Não resisto à tentação de fazer um paralelo desse Godard irredutível com um cineasta brasileiríssimo. Não se trata de Glauber Rocha. O nome que vou trazer para perto de Jean-Luc é o do também revolucionário Mário Peixoto, realizador do único e fundamental título: Limite, de 1930.
Ele foi o nosso Godard avant-la-lettre, e Jean-Luc é, no cinema de hoje, o único diretor que, a exemplo de Mário, continua interessado no cinema-cinematográfico (tautologia necessária), ou seja, na imagem pura, no discurso não “verbal” de tomadas que revelam o real para além do “naturalismo”, no qual se refestela grande parte dos filmes deste momento agônico quer do cinema clássico (à la John Ford e David Lean), quer do cinema das almas formalmente inconformistas, na tradição de Eisenstein, Peixoto, Welles e Godard.

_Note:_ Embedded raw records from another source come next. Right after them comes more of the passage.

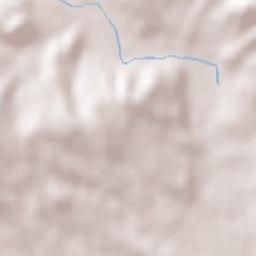 Santa Eulàlia de Ronçana Terrain Map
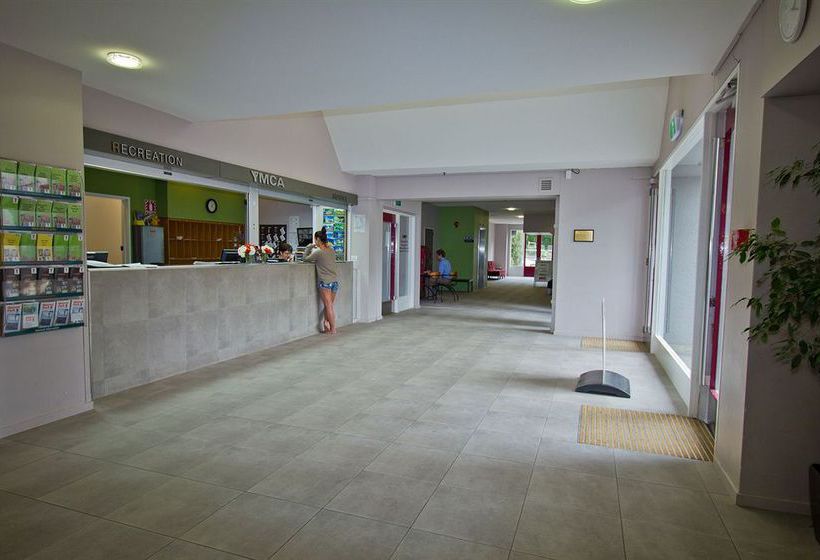 Hostel Ymca Christchurch 10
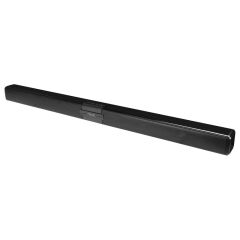 Mikado MD-SB102 Siyah 2X10W 12V-1.5A BT+USB+AUX+TF Kartlı Ev Sinema Soundbar Speaker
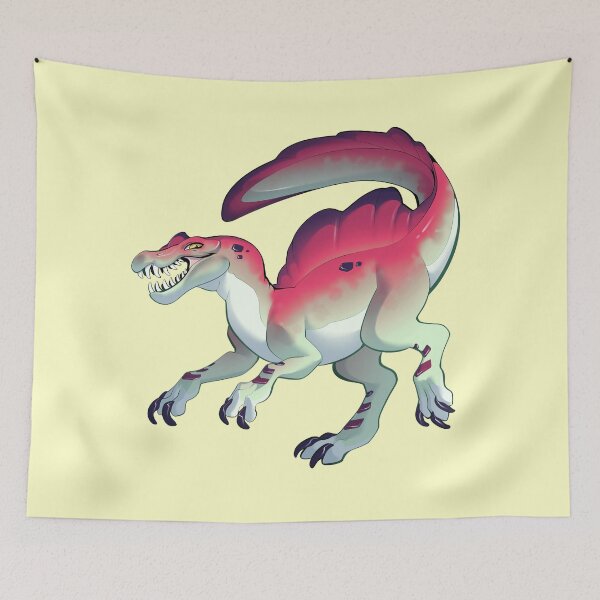 Item preview, Spinosaurus designed and sold by feralfane.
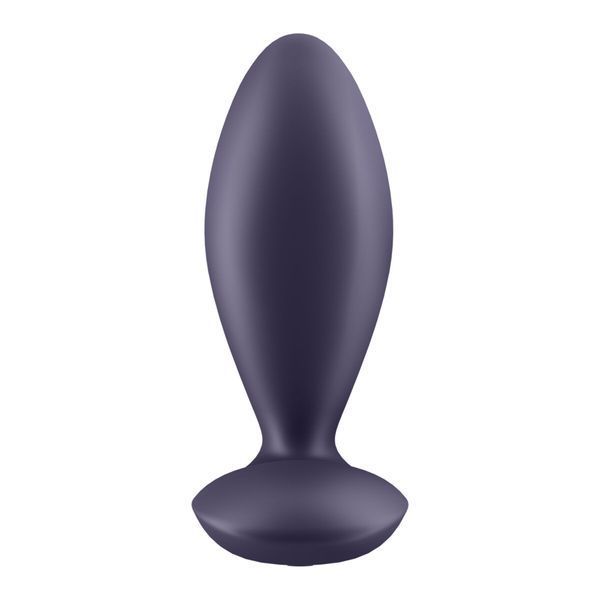 Анальная смарт-пробка с вибрацией Satisfyer Power Plug, очень мощная SO8678 фото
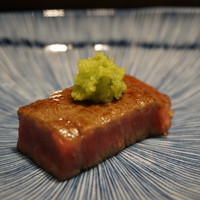 【黒毛】和牛フィレ肉ステーキ  (80g)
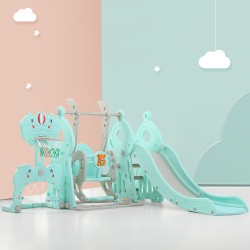 Station de jeux multifonction pour enfants de 1 à 10 ans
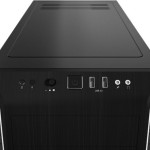 Be Quiet Pure Base 600 Midi Tower Κουτί Υπολογιστή Ασημί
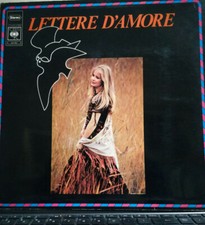 Lettere amore nazzaro usato  Latina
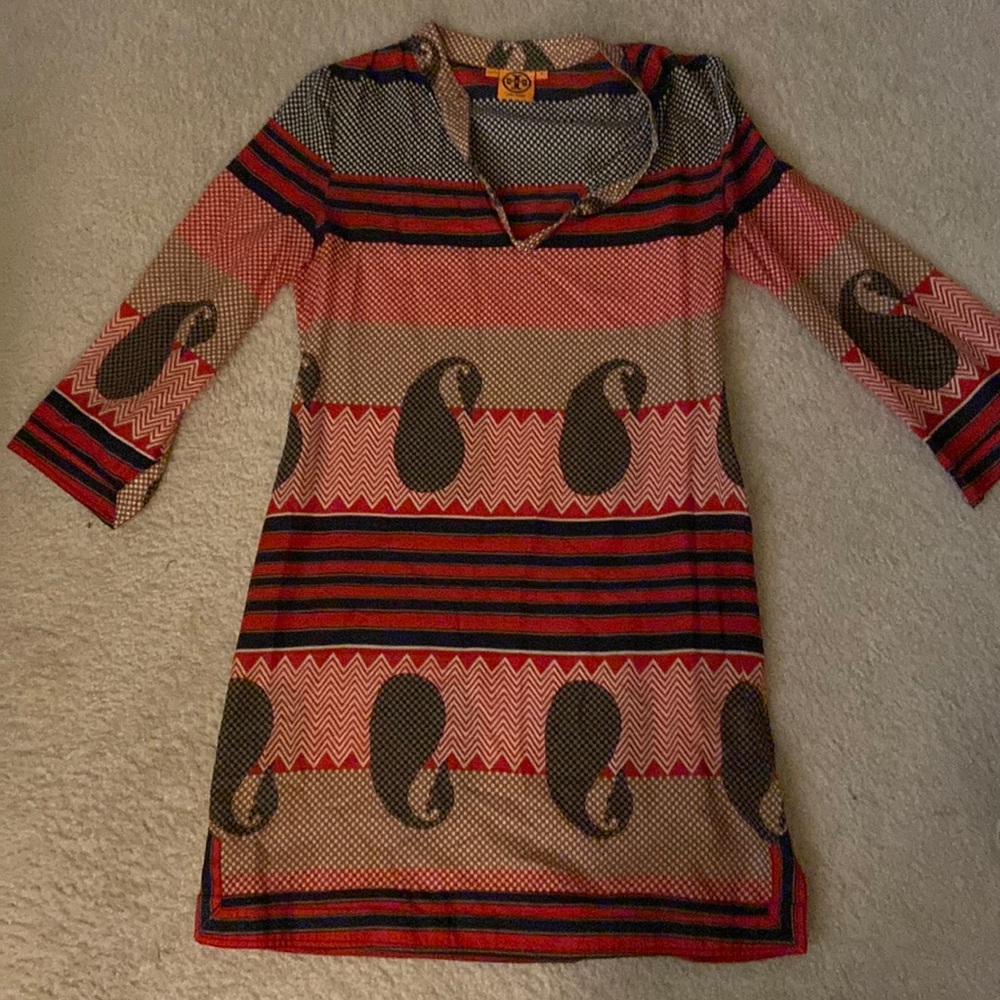 Tory Burch tunic dress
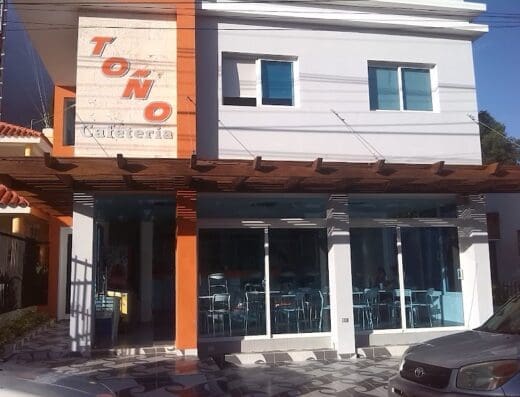 Toño Cafeteria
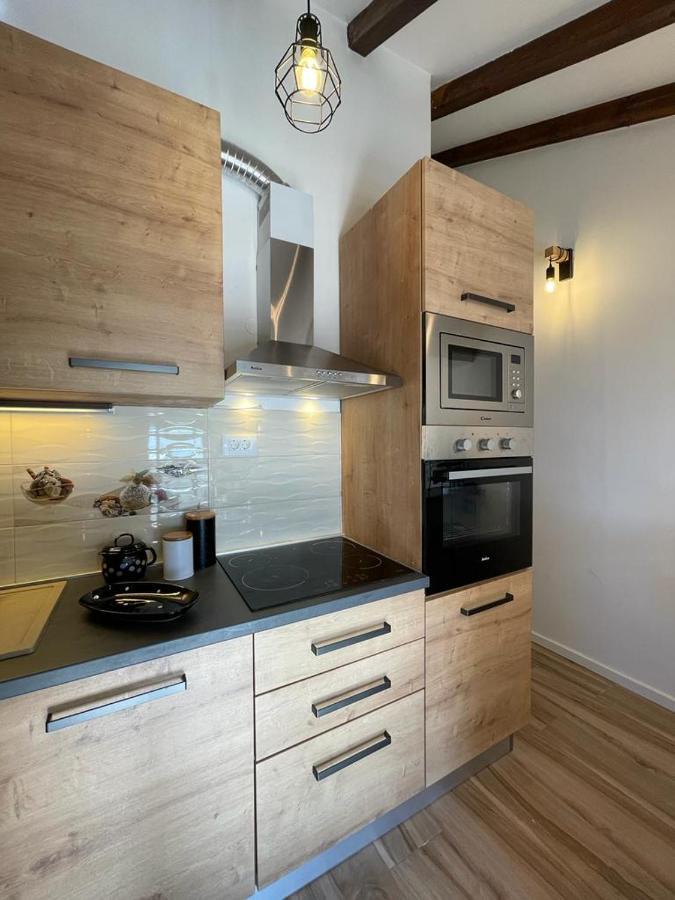 Appartement Sea Sky à Tučepi Extérieur photo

Usando o paradoxo dos signos verbais, o mais próximo de uma sinopse godardiana seriam os versos da polonesa Wislawa Szymborska (Prêmio Nobel de 1996): “Quando pronuncio a palavra Futuro/a primeira sílaba já pertence ao passado./ Quando pronuncio a palavra Silêncio,/destruo-o. /Quando pronuncio a palavra Nada, /crio algo que não cabe em nenhum não ser.”
Essa brevíssima metafísica corresponde, em parte, àquela dos filmes menos palavrosos do Jean-Luc que fez de tudo para reinventar a sétima arte: filmes literários e antipoliciais, crônicas parisienses desesperadas e ensaios de política, visões escatológicas, dramas cubistas, anotações e epifanias – jamais parecidos uns com os outros –, porque Godard sabe que o cinema é uma arte que, estranhamente, envelhece com as décadas, as culturas e a história às quais ninguém mais estará presente depois do ex-anônimo Abraham Zapruder filmando, em oito milímetros, o assassinato de um presidente.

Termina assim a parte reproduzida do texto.